The proposed joint version of the annual defense policy bill released late Tuesday calls for the Defense Department to conduct a study of the costs associated with “underperforming software and information technology.”
Members of the House and Senate armed services committees included the provision in the proposed fiscal 2023 National Defense Authorization Act. The move comes after a groundswell of criticisms of the DOD’s basic back-office computing capabilities caught the attention of the department’s top IT leadership and lawmakers on Capitol Hill — part of what’s now known as the “Fix Our Computers” movement.
Voices from across the defense landscape penned open letters bashing the department’s often outdated basic computing hardware and software and pointing to how much time was wasted waiting for a device to boot or an application like basic email to load.

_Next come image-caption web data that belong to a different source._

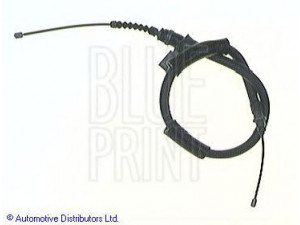 BLUE PRINT ADN146181 trosas, stovėjimo stabdys 
 Stabdžių sistema -> Valdymo svirtys/trosai
36531-61L00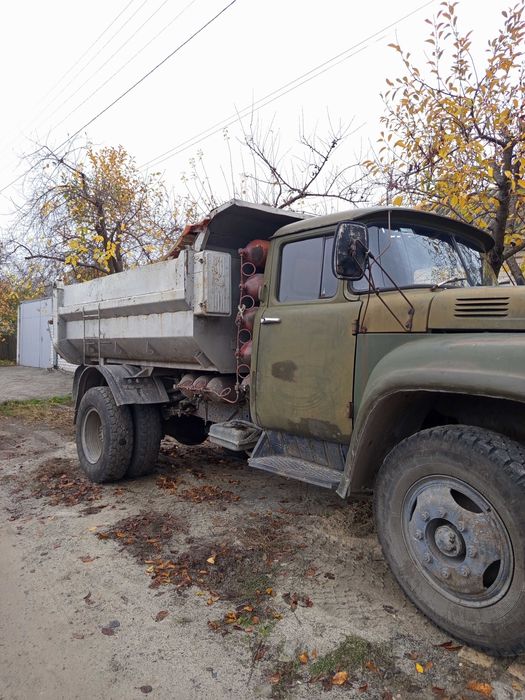 ЗИЛ самосвал 4505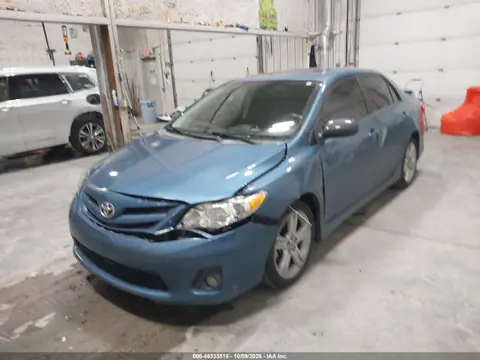 2013 Toyota Corolla S VIN 5YFBU4EE8DP108550 фото 3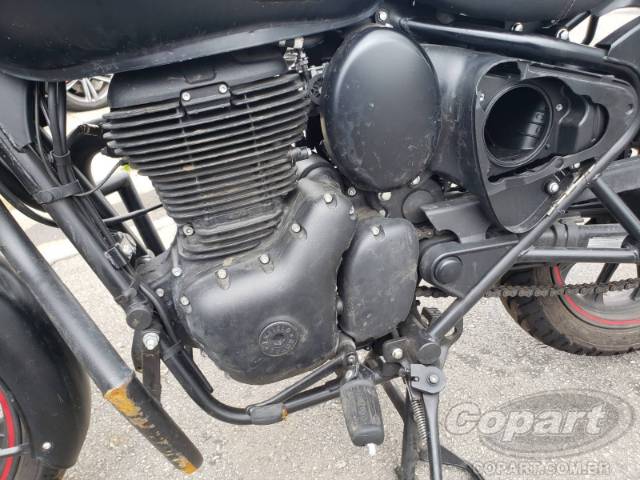2025 ROYAL ENFIELD CLASSIC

And that’s exactly what the lawmakers are calling on the DOD to explore. If passed into law, the NDAA would require the department to contract with an independent entity to conduct a study on “the challenges associated with the use of software and information technology in the Department of Defense, the effects of such challenges, and potential solutions to such challenges,” says Section 241 of the legislation.

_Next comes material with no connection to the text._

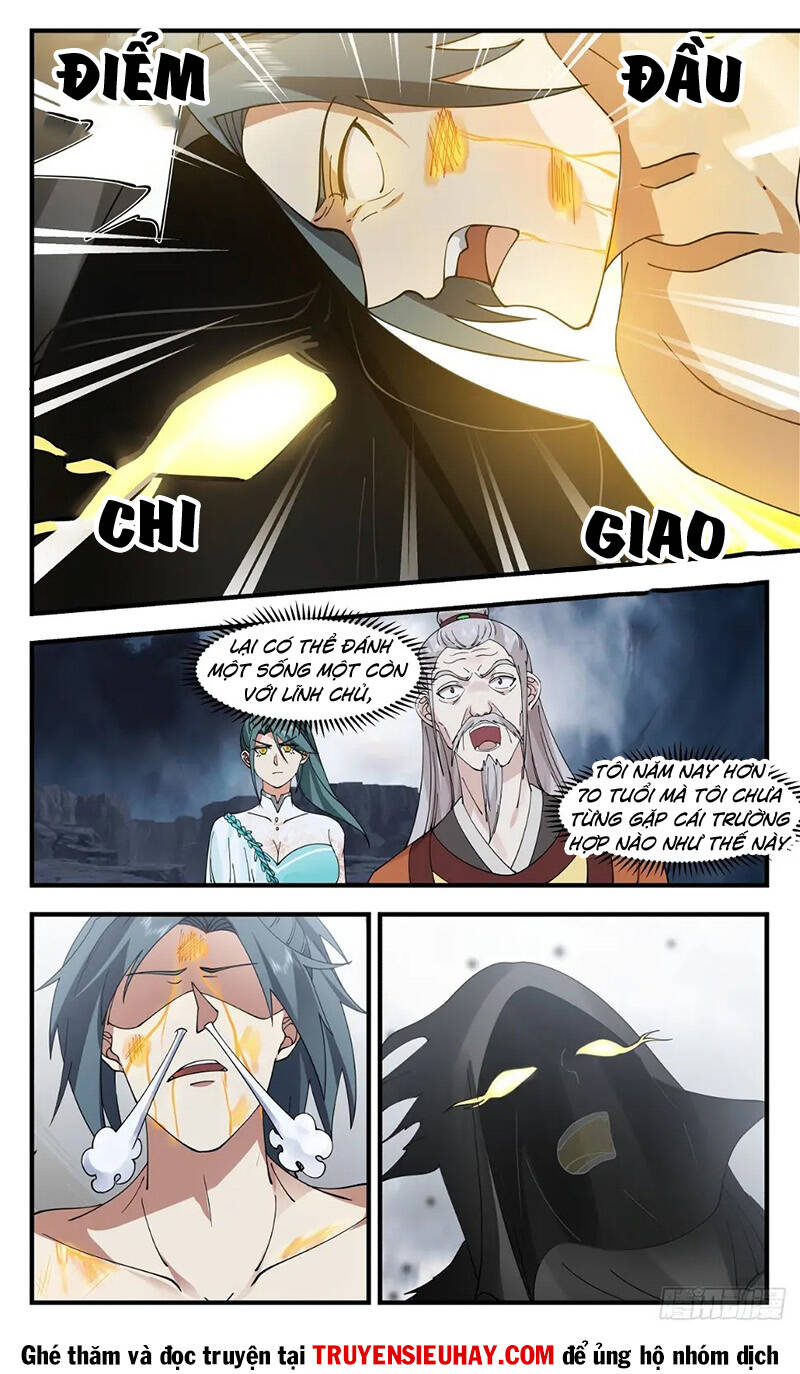 Võ Luyện Đỉnh Phong Chap 3062 - Next Chap 3063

Namely, it calls for a survey across the various military branches to garner more insight into time lost due to these technical impediments and the associated financial costs, the effects on personnel retention, and any negative impact on the missions of the DOD.

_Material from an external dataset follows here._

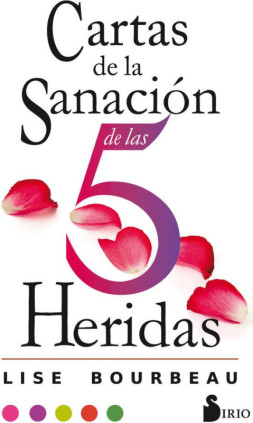 CARTAS DE LA SANACION DE LAS 5 HERIDAS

The study would also require the creation of a summary of any policy or technical challenges that are holding the military services back from IT reforms that could alleviate the associated issues. This summary would be developed based on interviews with service CIOs or their equivalents across the department.
Finally, the provision requires the creation of a framework for evaluating underperforming software and IT capabilities across the DOD in a standard way and calls for recommendations on how to address the deficiencies.
These elements would be compiled in a report that is due to the secretary of defense and congressional armed services committees within a year of the NDAA’s passage.
Last week, Lt. Gen. Robert Skinner, head of the Defense Information Systems Agency, revealed the agency is already conducting a study investigating the effect of cybersecurity on user experience and how it can better harmonize the two.